Мы заказали обед прямо в номера. Глядя, как дети размазывают по физиономиям томатную пасту, я вновь и вновь поражался тому количеству еды, какое в них помещалось. Проглотив пять кусков пиццы, Габриэлла что-то шепнула матери. Единственное слово, которое я расслышал, было «сливки». На что Каталина ответила решительным «нет».

Через несколько минут Габриэлла снова что-то ей шепнула. Каталина отреагировала примерно так же, но на сей раз сурово нахмурив брови.

Должен признать, что иногда до меня порой плохо доходит.

– Она хочет мороженого?

Каталина отмахнулась и поводила указательным пальцем, жест, напоминавший движение дворников на лобовом стекле.

– Нет.

Прошло несколько минут. Когда же Габриэлла передвинулась к окну и уставилась на красную неоновую вывеску «Вендис», до меня, наконец, дошло.

– Ты уверена?

Я вернулся с четырьмя большими порциями мороженого. Смешанный с жиром пиццы, сахар сделал свое дело. Когда я закрыл дверь в свою комнату, дети уже крепко спали. Роско лежал на второй кровати в моем номере. Засунув нос в стаканчик из-под мороженого, он возил его по кровати, пытаясь вылизать дно. Когда он приподнял нос, на нем торчал стаканчик. Я растянулся на кровати. Роско свернулся рядом, положив голову на лапы и облизывая морду.

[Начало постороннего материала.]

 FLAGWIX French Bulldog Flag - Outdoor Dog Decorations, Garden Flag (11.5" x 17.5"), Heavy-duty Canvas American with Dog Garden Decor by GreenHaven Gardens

– Нет, я вообще не представляю, что я делаю, – сказал я ему и себе.

Несколько минут спустя послышался тихий стук. То, чего я боялся.

Каталина открыла дверь и села на кровать напротив моей. Дети уже спали. На ней был махровый халат, который она купила сегодня. Но она его лишь запахнула, не завязывая пояса, и было нетрудно догадаться, что под халатом у нее ничего нет. Свет из ванной освещал ее ноги и тело. Темные блестящие влажные волосы свисали, закрывая половину лица.

Ее взгляд был устремлен на пол. Но молчание и поза говорили больше, чем могли сказать слова.

Поймите меня правильно, я мужчина в полном смысле слова. Она была красива. И я бы соврал, скажи я, что у меня в голове не промелькнуло ни одной искусительной мысли. Конечно, я стар, но не настолько. Проблема заключалась в другом. Я насмотрелся страданий, которые мы, люди, причиняли друг другу. И я сам бывал их источником. Душевные раны никогда не затягиваются. Их шрамы вытатуированы на сердце вечными чернилами.

Я приподнялся.

– Каталина, вам не нужно…

Она ничего не ответила. Халат слегка соскользнул с одного плеча.

Она даже не сдвинулась с места. Я понял: своему опыту общения с мужчинами она доверяла больше, чем моим словам. И потому отказывалась понять то, что я хотел ей сказать. Я похлопал ее по коленям. У нее была нежная кожа. Она выбрила ноги.

– Почему бы вам не пойти немного поспать?

Она подняла голову, отбросила волосы назад, выпрямилась, и халат съехал с ее плеч.

Ситуация становилась щекотливой. Она даже не пыталась скрыть свою наготу.

– Вы не находите меня красивой?

– Нет, мадам. Напротив. – Я потер шею.